[Records from a data source]
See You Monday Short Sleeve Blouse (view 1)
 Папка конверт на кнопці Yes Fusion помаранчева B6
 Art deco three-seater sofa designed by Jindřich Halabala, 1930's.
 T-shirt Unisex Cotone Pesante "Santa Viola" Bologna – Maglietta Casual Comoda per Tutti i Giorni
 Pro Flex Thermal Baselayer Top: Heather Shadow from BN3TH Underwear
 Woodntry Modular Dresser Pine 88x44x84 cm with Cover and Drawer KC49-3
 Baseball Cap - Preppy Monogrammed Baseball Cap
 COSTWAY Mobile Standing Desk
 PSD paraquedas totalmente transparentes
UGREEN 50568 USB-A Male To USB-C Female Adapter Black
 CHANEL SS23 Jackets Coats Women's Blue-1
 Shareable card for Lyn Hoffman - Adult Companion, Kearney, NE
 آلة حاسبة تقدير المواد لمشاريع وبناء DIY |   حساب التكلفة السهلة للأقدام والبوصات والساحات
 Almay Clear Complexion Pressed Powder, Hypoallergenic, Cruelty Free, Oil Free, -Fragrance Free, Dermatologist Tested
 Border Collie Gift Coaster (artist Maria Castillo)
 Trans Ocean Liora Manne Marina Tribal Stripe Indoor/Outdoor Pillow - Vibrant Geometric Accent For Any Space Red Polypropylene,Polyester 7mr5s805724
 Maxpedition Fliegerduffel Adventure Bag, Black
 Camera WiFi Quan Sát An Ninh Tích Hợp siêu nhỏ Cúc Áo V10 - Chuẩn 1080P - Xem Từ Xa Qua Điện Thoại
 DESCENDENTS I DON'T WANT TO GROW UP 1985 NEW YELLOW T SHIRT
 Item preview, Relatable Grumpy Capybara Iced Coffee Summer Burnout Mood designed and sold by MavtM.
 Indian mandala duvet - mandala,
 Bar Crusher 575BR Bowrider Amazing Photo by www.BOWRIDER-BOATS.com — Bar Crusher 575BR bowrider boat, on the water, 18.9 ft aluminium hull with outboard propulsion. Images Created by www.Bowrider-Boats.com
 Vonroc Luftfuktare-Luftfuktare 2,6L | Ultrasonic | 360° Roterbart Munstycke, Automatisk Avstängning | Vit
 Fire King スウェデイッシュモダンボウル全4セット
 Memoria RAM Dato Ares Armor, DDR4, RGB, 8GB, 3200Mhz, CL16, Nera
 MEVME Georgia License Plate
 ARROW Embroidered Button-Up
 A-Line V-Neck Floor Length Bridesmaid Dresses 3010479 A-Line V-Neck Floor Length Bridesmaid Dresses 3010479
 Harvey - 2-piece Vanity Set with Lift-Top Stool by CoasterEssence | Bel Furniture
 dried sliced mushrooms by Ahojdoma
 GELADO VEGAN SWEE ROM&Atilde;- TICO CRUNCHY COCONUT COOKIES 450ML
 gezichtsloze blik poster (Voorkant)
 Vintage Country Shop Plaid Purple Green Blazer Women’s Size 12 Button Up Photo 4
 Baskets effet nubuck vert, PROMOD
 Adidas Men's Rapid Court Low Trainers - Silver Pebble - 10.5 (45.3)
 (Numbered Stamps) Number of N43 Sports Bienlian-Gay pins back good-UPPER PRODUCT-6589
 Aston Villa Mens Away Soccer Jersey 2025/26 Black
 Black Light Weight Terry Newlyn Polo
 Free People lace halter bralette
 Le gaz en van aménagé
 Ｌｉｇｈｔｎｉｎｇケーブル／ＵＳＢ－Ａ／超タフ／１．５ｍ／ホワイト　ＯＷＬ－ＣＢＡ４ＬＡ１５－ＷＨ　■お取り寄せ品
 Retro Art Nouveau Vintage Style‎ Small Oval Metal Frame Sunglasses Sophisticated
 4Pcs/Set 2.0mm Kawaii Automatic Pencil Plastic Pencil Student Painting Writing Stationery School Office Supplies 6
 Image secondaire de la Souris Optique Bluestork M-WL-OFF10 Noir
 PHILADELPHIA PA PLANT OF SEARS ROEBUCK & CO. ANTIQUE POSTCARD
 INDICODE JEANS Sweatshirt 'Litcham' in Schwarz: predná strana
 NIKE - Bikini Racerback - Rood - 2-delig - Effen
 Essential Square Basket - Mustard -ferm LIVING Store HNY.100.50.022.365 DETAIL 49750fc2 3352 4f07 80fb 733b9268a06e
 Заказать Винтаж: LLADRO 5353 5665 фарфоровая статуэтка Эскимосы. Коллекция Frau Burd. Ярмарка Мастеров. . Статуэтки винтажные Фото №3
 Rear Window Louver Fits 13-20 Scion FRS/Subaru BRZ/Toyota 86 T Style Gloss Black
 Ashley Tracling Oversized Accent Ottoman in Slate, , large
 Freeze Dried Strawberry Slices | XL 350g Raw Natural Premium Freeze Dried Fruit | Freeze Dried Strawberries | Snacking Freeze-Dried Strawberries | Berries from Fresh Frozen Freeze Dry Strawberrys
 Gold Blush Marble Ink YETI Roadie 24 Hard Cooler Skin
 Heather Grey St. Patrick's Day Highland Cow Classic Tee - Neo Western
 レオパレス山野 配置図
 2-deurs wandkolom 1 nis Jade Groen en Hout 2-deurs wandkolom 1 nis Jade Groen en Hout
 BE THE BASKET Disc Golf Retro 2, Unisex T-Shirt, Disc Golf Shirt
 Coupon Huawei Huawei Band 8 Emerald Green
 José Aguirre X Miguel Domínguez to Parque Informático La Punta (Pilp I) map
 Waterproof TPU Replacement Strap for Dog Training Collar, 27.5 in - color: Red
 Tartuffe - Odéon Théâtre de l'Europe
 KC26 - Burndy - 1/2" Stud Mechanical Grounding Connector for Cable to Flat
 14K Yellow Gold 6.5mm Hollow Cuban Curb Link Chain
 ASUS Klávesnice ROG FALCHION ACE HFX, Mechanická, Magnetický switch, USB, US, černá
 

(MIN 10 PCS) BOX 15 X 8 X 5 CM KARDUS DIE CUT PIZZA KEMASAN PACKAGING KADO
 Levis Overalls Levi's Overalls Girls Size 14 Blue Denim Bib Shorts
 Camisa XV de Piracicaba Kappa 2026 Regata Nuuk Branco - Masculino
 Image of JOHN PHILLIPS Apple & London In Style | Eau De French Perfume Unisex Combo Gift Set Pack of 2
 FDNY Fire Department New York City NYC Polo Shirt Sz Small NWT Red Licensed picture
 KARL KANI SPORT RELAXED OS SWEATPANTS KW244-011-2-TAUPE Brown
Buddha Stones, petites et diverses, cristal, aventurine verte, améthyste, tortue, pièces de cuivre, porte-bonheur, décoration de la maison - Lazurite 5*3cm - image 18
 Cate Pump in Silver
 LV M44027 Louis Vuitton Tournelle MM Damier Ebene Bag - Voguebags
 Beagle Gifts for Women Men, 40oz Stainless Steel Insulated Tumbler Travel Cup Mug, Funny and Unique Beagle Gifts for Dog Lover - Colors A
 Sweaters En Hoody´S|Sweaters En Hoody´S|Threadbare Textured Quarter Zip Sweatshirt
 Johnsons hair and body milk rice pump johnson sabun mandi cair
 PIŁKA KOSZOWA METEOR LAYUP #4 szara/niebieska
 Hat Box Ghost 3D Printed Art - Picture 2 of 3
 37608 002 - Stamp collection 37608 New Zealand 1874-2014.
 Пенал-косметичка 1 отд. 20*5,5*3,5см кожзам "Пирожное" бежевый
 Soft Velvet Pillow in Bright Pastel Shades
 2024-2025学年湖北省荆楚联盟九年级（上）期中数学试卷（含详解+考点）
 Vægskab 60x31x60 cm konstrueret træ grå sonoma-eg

__Work to complete__: The records above need to be retyped in full, exactly as they stand.

__Answer space__:
See You Monday Short Sleeve Blouse (view 1)
 Папка конверт на кнопці Yes Fusion помаранчева B6
 Art deco three-seater sofa designed by Jindřich Halabala, 1930's.
 T-shirt Unisex Cotone Pesante "Santa Viola" Bologna – Maglietta Casual Comoda per Tutti i Giorni
 Pro Flex Thermal Baselayer Top: Heather Shadow from BN3TH Underwear
 Woodntry Modular Dresser Pine 88x44x84 cm with Cover and Drawer KC49-3
 Baseball Cap - Preppy Monogrammed Baseball Cap
 COSTWAY Mobile Standing Desk
 PSD paraquedas totalmente transparentes
UGREEN 50568 USB-A Male To USB-C Female Adapter Black
 CHANEL SS23 Jackets Coats Women's Blue-1
 Shareable card for Lyn Hoffman - Adult Companion, Kearney, NE
 آلة حاسبة تقدير المواد لمشاريع وبناء DIY |   حساب التكلفة السهلة للأقدام والبوصات والساحات
 Almay Clear Complexion Pressed Powder, Hypoallergenic, Cruelty Free, Oil Free, -Fragrance Free, Dermatologist Tested
 Border Collie Gift Coaster (artist Maria Castillo)
 Trans Ocean Liora Manne Marina Tribal Stripe Indoor/Outdoor Pillow - Vibrant Geometric Accent For Any Space Red Polypropylene,Polyester 7mr5s805724
 Maxpedition Fliegerduffel Adventure Bag, Black
 Camera WiFi Quan Sát An Ninh Tích Hợp siêu nhỏ Cúc Áo V10 - Chuẩn 1080P - Xem Từ Xa Qua Điện Thoại
 DESCENDENTS I DON'T WANT TO GROW UP 1985 NEW YELLOW T SHIRT
 Item preview, Relatable Grumpy Capybara Iced Coffee Summer Burnout Mood designed and sold by MavtM.
 Indian mandala duvet - mandala,
 Bar Crusher 575BR Bowrider Amazing Photo by www.BOWRIDER-BOATS.com — Bar Crusher 575BR bowrider boat, on the water, 18.9 ft aluminium hull with outboard propulsion. Images Created by www.Bowrider-Boats.com
 Vonroc Luftfuktare-Luftfuktare 2,6L | Ultrasonic | 360° Roterbart Munstycke, Automatisk Avstängning | Vit
 Fire King スウェデイッシュモダンボウル全4セット
 Memoria RAM Dato Ares Armor, DDR4, RGB, 8GB, 3200Mhz, CL16, Nera
 MEVME Georgia License Plate
 ARROW Embroidered Button-Up
 A-Line V-Neck Floor Length Bridesmaid Dresses 3010479 A-Line V-Neck Floor Length Bridesmaid Dresses 3010479
 Harvey - 2-piece Vanity Set with Lift-Top Stool by CoasterEssence | Bel Furniture
 dried sliced mushrooms by Ahojdoma
 GELADO VEGAN SWEE ROM&Atilde;- TICO CRUNCHY COCONUT COOKIES 450ML
 gezichtsloze blik poster (Voorkant)
 Vintage Country Shop Plaid Purple Green Blazer Women’s Size 12 Button Up Photo 4
 Baskets effet nubuck vert, PROMOD
 Adidas Men's Rapid Court Low Trainers - Silver Pebble - 10.5 (45.3)
 (Numbered Stamps) Number of N43 Sports Bienlian-Gay pins back good-UPPER PRODUCT-6589
 Aston Villa Mens Away Soccer Jersey 2025/26 Black
 Black Light Weight Terry Newlyn Polo
 Free People lace halter bralette
 Le gaz en van aménagé
 Ｌｉｇｈｔｎｉｎｇケーブル／ＵＳＢ－Ａ／超タフ／１．５ｍ／ホワイト　ＯＷＬ－ＣＢＡ４ＬＡ１５－ＷＨ　■お取り寄せ品
 Retro Art Nouveau Vintage Style‎ Small Oval Metal Frame Sunglasses Sophisticated
 4Pcs/Set 2.0mm Kawaii Automatic Pencil Plastic Pencil Student Painting Writing Stationery School Office Supplies 6
 Image secondaire de la Souris Optique Bluestork M-WL-OFF10 Noir
 PHILADELPHIA PA PLANT OF SEARS ROEBUCK & CO. ANTIQUE POSTCARD
 INDICODE JEANS Sweatshirt 'Litcham' in Schwarz: predná strana
 NIKE - Bikini Racerback - Rood - 2-delig - Effen
 Essential Square Basket - Mustard -ferm LIVING Store HNY.100.50.022.365 DETAIL 49750fc2 3352 4f07 80fb 733b9268a06e
 Заказать Винтаж: LLADRO 5353 5665 фарфоровая статуэтка Эскимосы. Коллекция Frau Burd. Ярмарка Мастеров. . Статуэтки винтажные Фото №3
 Rear Window Louver Fits 13-20 Scion FRS/Subaru BRZ/Toyota 86 T Style Gloss Black
 Ashley Tracling Oversized Accent Ottoman in Slate, , large
 Freeze Dried Strawberry Slices | XL 350g Raw Natural Premium Freeze Dried Fruit | Freeze Dried Strawberries | Snacking Freeze-Dried Strawberries | Berries from Fresh Frozen Freeze Dry Strawberrys
 Gold Blush Marble Ink YETI Roadie 24 Hard Cooler Skin
 Heather Grey St. Patrick's Day Highland Cow Classic Tee - Neo Western
 レオパレス山野 配置図
 2-deurs wandkolom 1 nis Jade Groen en Hout 2-deurs wandkolom 1 nis Jade Groen en Hout
 BE THE BASKET Disc Golf Retro 2, Unisex T-Shirt, Disc Golf Shirt
 Coupon Huawei Huawei Band 8 Emerald Green
 José Aguirre X Miguel Domínguez to Parque Informático La Punta (Pilp I) map
 Waterproof TPU Replacement Strap for Dog Training Collar, 27.5 in - color: Red
 Tartuffe - Odéon Théâtre de l'Europe
 KC26 - Burndy - 1/2" Stud Mechanical Grounding Connector for Cable to Flat
 14K Yellow Gold 6.5mm Hollow Cuban Curb Link Chain
 ASUS Klávesnice ROG FALCHION ACE HFX, Mechanická, Magnetický switch, USB, US, černá
 

(MIN 10 PCS) BOX 15 X 8 X 5 CM KARDUS DIE CUT PIZZA KEMASAN PACKAGING KADO
 Levis Overalls Levi's Overalls Girls Size 14 Blue Denim Bib Shorts
 Camisa XV de Piracicaba Kappa 2026 Regata Nuuk Branco - Masculino
 Image of JOHN PHILLIPS Apple & London In Style | Eau De French Perfume Unisex Combo Gift Set Pack of 2
 FDNY Fire Department New York City NYC Polo Shirt Sz Small NWT Red Licensed picture
 KARL KANI SPORT RELAXED OS SWEATPANTS KW244-011-2-TAUPE Brown
Buddha Stones, petites et diverses, cristal, aventurine verte, améthyste, tortue, pièces de cuivre, porte-bonheur, décoration de la maison - Lazurite 5*3cm - image 18
 Cate Pump in Silver
 LV M44027 Louis Vuitton Tournelle MM Damier Ebene Bag - Voguebags
 Beagle Gifts for Women Men, 40oz Stainless Steel Insulated Tumbler Travel Cup Mug, Funny and Unique Beagle Gifts for Dog Lover - Colors A
 Sweaters En Hoody´S|Sweaters En Hoody´S|Threadbare Textured Quarter Zip Sweatshirt
 Johnsons hair and body milk rice pump johnson sabun mandi cair
 PIŁKA KOSZOWA METEOR LAYUP #4 szara/niebieska
 Hat Box Ghost 3D Printed Art - Picture 2 of 3
 37608 002 - Stamp collection 37608 New Zealand 1874-2014.
 Пенал-косметичка 1 отд. 20*5,5*3,5см кожзам "Пирожное" бежевый
 Soft Velvet Pillow in Bright Pastel Shades
 2024-2025学年湖北省荆楚联盟九年级（上）期中数学试卷（含详解+考点）
 Vægskab 60x31x60 cm konstrueret træ grå sonoma-eg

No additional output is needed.